Yield curve inversion happens when short-rates rise above longer ones. Inversion happened in the U.S. in March of this year and has broadly continued since. This is a bad sign. The Federal Reserve (Fed) has expressed some concern about an inverted yield curve. For one thing, it can discourage banks from longer term lending, and projects that need long-term finance can boost growth. There are other reasons to worry too. Fortunately, the Fed has an important weapon in its toolkit, it can control  the short-end of the yield curve with reasonable accuracy. So can the Fed simply end inversion by cutting rates? In theory, yes. Though the futures market suggests whether or not we see such an outcome in 2019 is finely balanced.
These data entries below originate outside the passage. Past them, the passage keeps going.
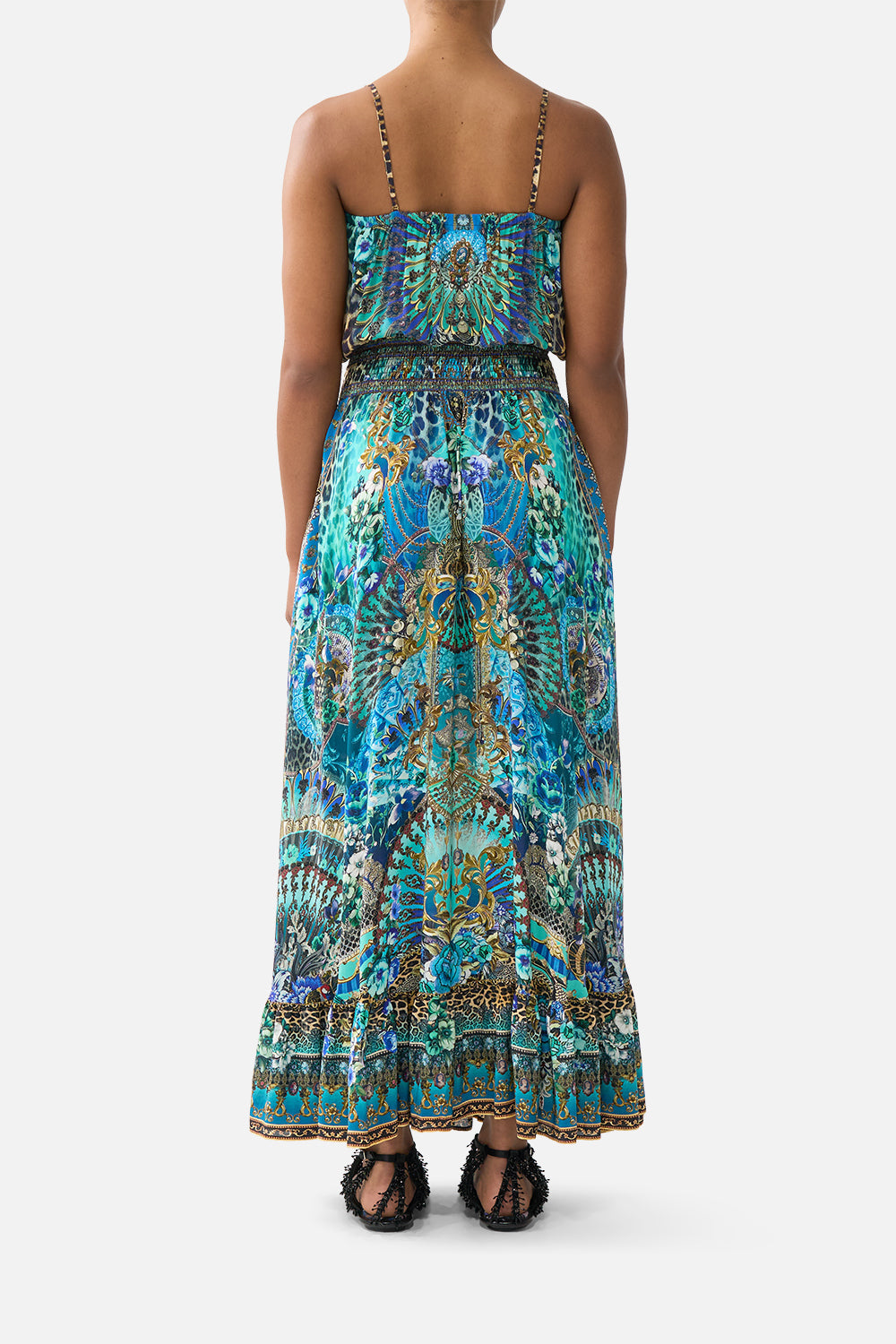 SHIRRED WAIST LONG DRESS FLAMENCO EUPHORIA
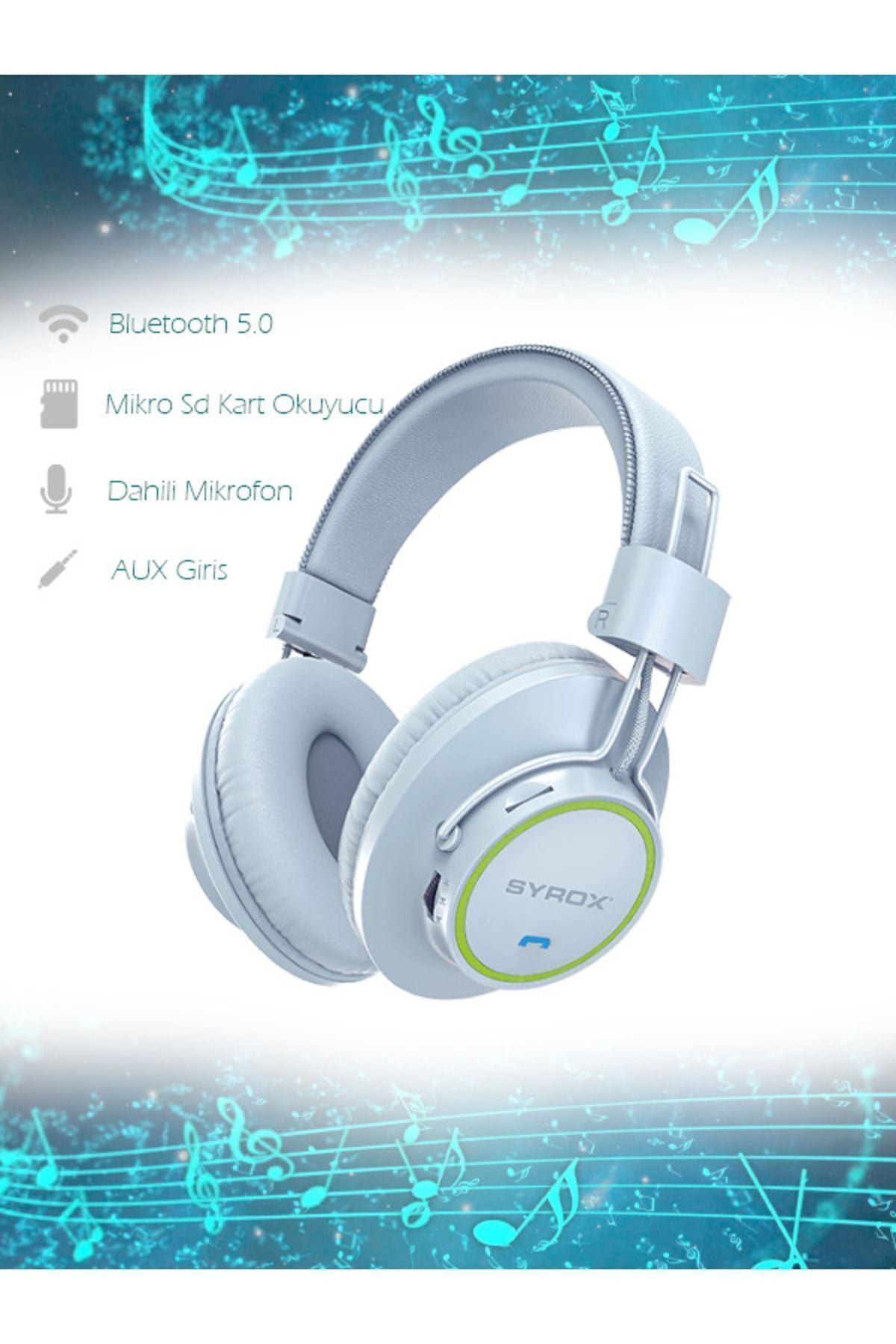 Syrox S26 Kablosuz Bluetooth Kulaklık Hafıza Kartlı Beyaz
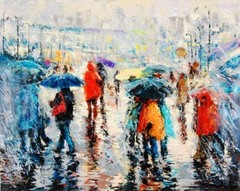 Storm on the Plaza by Elena Bond LTD Edition Embellished Canvas Giclee UNFRAMED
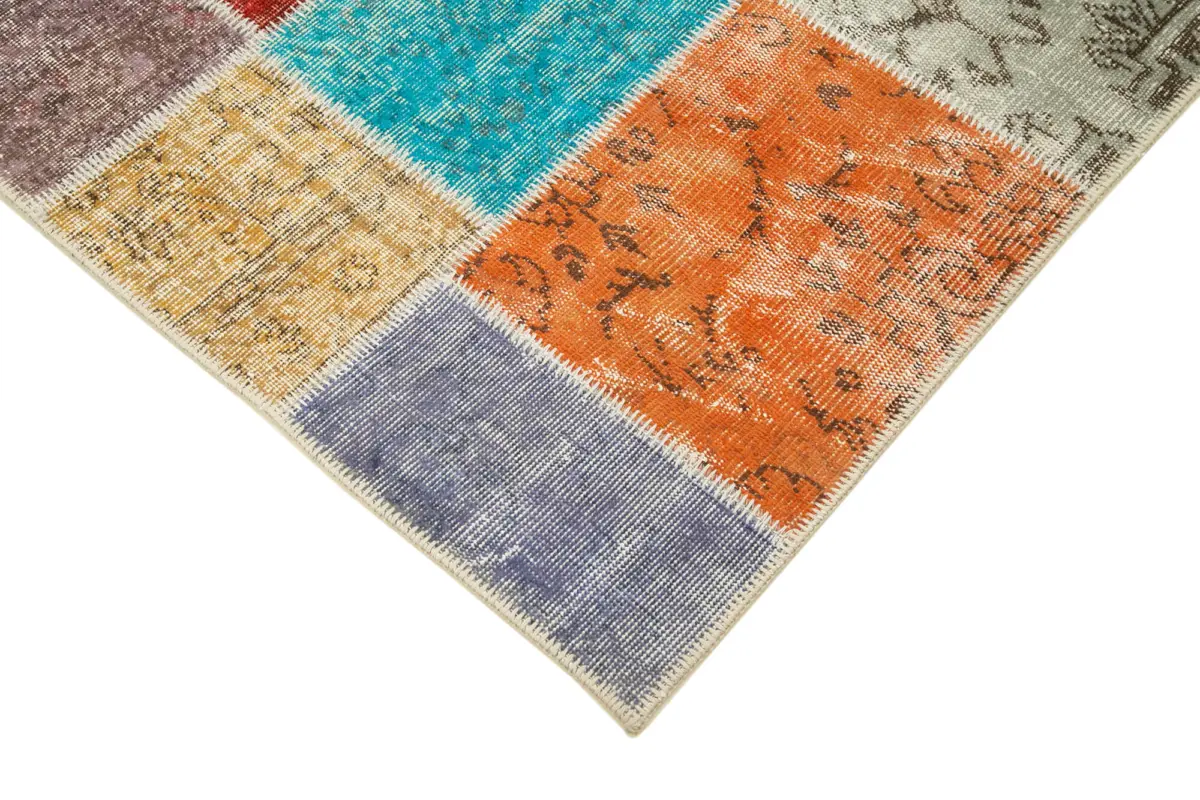 Patchwork Multi Pamuk Üzerine Yün El Dokuma Kilim-146x201 - Görsel 4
Cutting Rates Are Only Half The Story

The main aim of the Fed for 2019 so far has been to move from the prospect of raising cuts to a neutral stance, to enacting the first rate cut in over a decade. That should be good for avoiding yield curve inversion, right? If short-term rates are above long-term rates, then cutting short-term rates could solve the problem directly. As you can see from the graph below, it hasn't worked. In fact, longer rates are moving down slightly faster than the Fed is cutting. Therefore the yield curve is becoming slightly more inverted in recent weeks despite July's cut.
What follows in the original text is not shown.